====== Study material

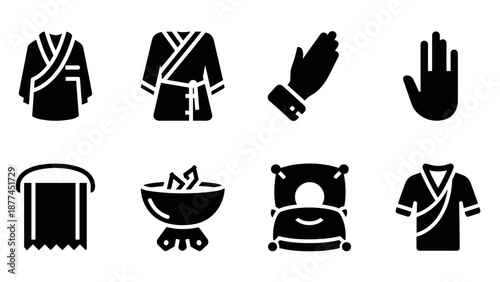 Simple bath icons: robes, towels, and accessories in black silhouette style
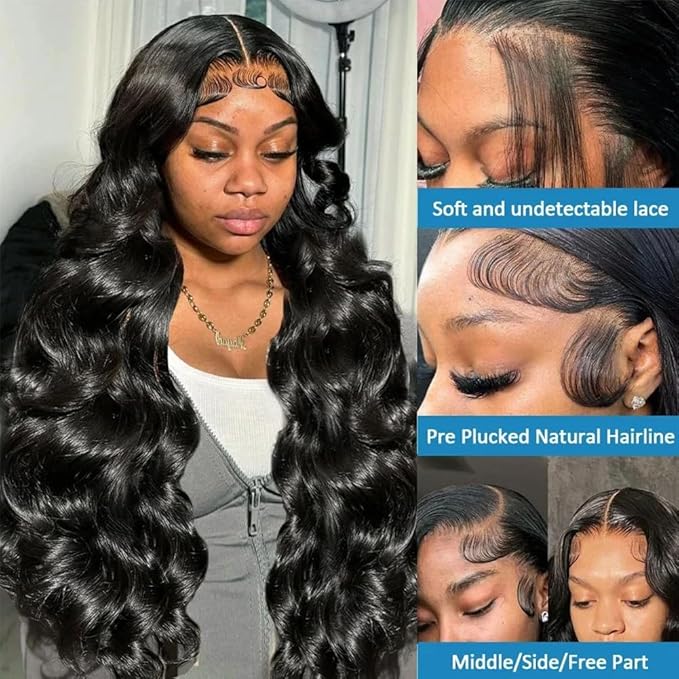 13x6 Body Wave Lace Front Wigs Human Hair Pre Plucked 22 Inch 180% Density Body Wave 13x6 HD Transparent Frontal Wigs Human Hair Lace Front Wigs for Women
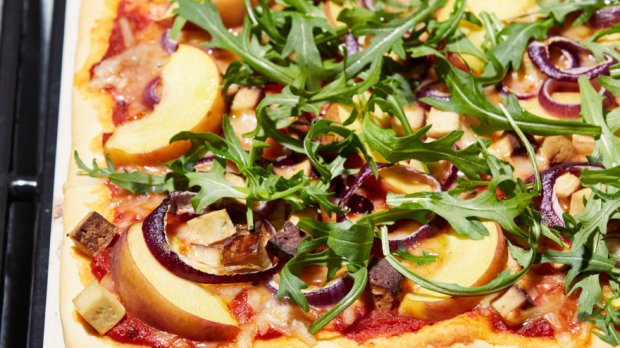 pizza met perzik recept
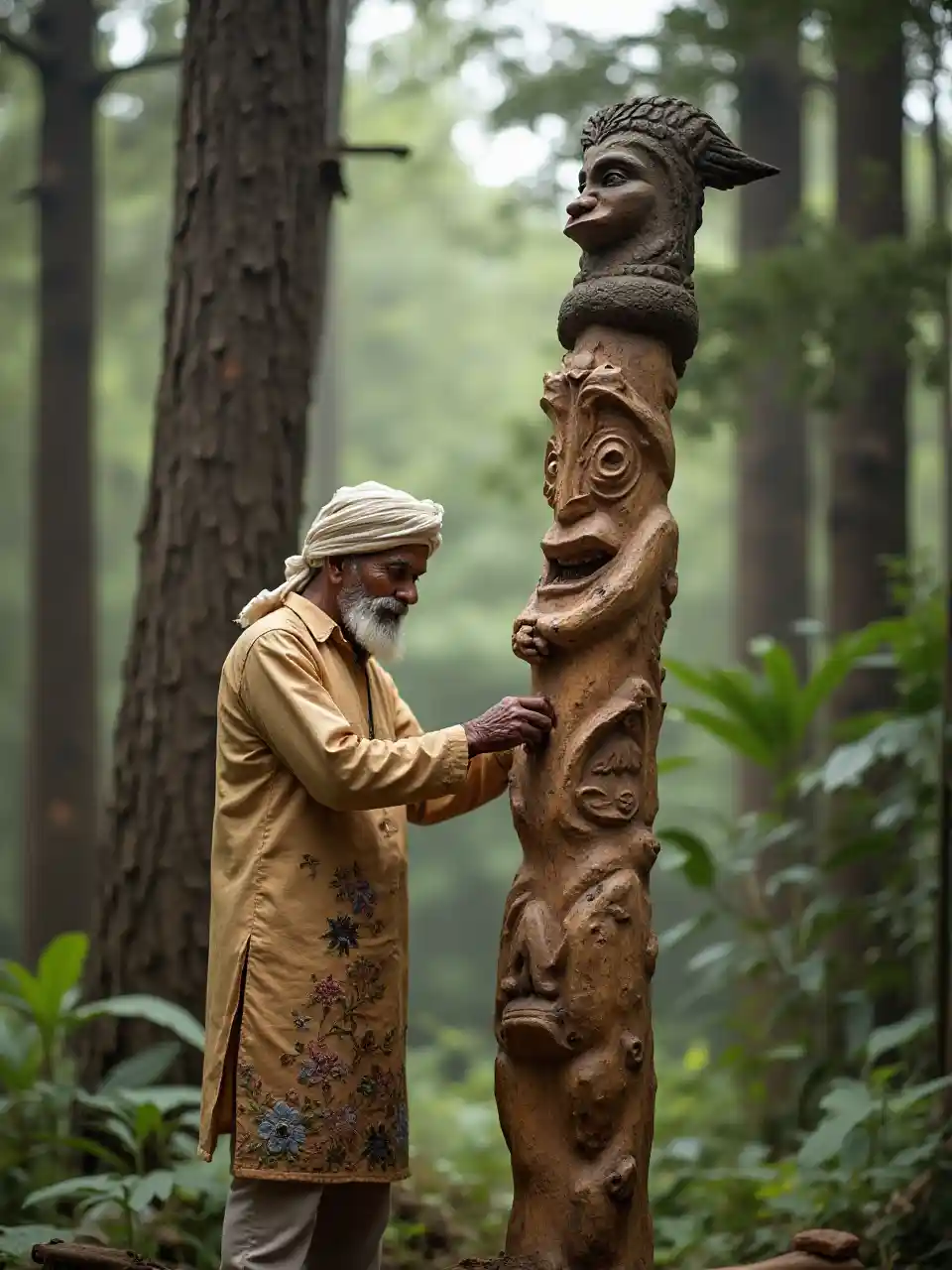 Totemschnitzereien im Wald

============
====== Study material

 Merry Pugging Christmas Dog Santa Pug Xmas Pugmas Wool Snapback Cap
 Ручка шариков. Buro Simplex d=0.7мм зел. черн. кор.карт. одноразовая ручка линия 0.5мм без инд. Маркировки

============

_Action item_
Copy the lines above exactly, starting with the line that contains "13x6 Body Wave" and ending with the line that contains "Totemschnitzereien im Wald", and leave out any pictures.

_Exercise solution_
 13x6 Body Wave Lace Front Wigs Human Hair Pre Plucked 22 Inch 180% Density Body Wave 13x6 HD Transparent Frontal Wigs Human Hair Lace Front Wigs for Women
 pizza met perzik recept
 Totemschnitzereien im Wald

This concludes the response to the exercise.